In the fall of 1968 I began working as a "traveling secretary" for my college sorority. November found me in Montreal, visiting the chapter at McGill University. I'm not sure I had ever been as far from home and I was outside the United States for the first time in my life. Provincial as I was, it seemed a world away from my family and my roots, and by then I was very tired from a non-stop travel schedule. I arrived in Montreal with a sore throat and an ear infection and a fever, but I was warmly welcomed and soon ensconced in a charming brownstone apartment shared by several of the chapter members. It would be my longest chapter stay to date—2 weeks. The girls in the apartment all had tickets to a Gordon Lightfoot concert a couple days after I arrived. As luck would have it there was an extra ticket, as one of the group had to attend to a family emergency in another town. I went to the concert, not knowing a single thing about Gordon Lightfoot, despite the fact that he seemed to be on magazine covers and posters all over Montreal. I was carried away by the music and his themes of longing spoke to my state of mind. The next day I walked down a snowy street to the big Eaton's department store and bought his album. The next two weeks, as I recall, included lots of tea, a visit to the Hospital Emergency Room when my ears became so painful I could not ignore them, interviews with the lovely girls and alumnae and the Gordon Lightfoot record playing in the background through it all.

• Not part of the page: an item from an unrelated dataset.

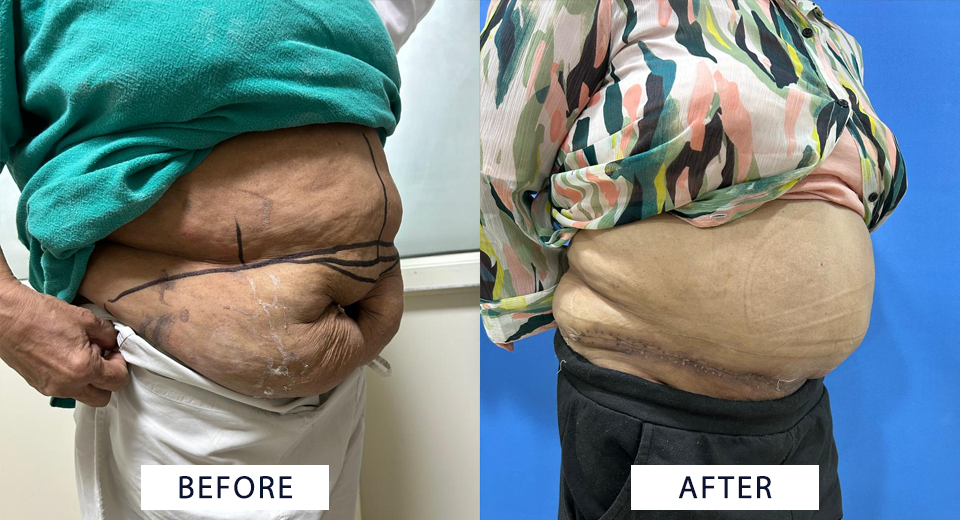 abdominoplasty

Montreal was beautiful, the people I was with were kind and funny, and the early snowstorm had blanketed the city in pure, silent white. I felt like I was in a dream most days and wondered if I could possibly remember every detail. How I wished I could share it all with someone and for the first time it occurred to me that this year of travel was such a solitary experience that I would never have anyone to look back on it with. I would carry these cities and people with me, alone in memory, as indeed I have, with no one to share those memories. And somehow it was the music that was the most tangible thing I took away.
I missed my family. I missed my friends. I had a boyfriend, who I knew was never going to be the right person for me, but I missed him too. It was the deepest homesickness I have ever felt and at the same time the adventure of a lifetime. And when I listen to this music I feel it all again.
I looked for a photo of Montreal in 1968 and found this painting: John Little, R.C.A. (b. 1928) November Snow, Jeanne-Mance Square (corner of Sherbrooke Street), Montreal, 1968. It actually looks like the street where I stayed, and, amazingly is titled November Snow. This is what I remember.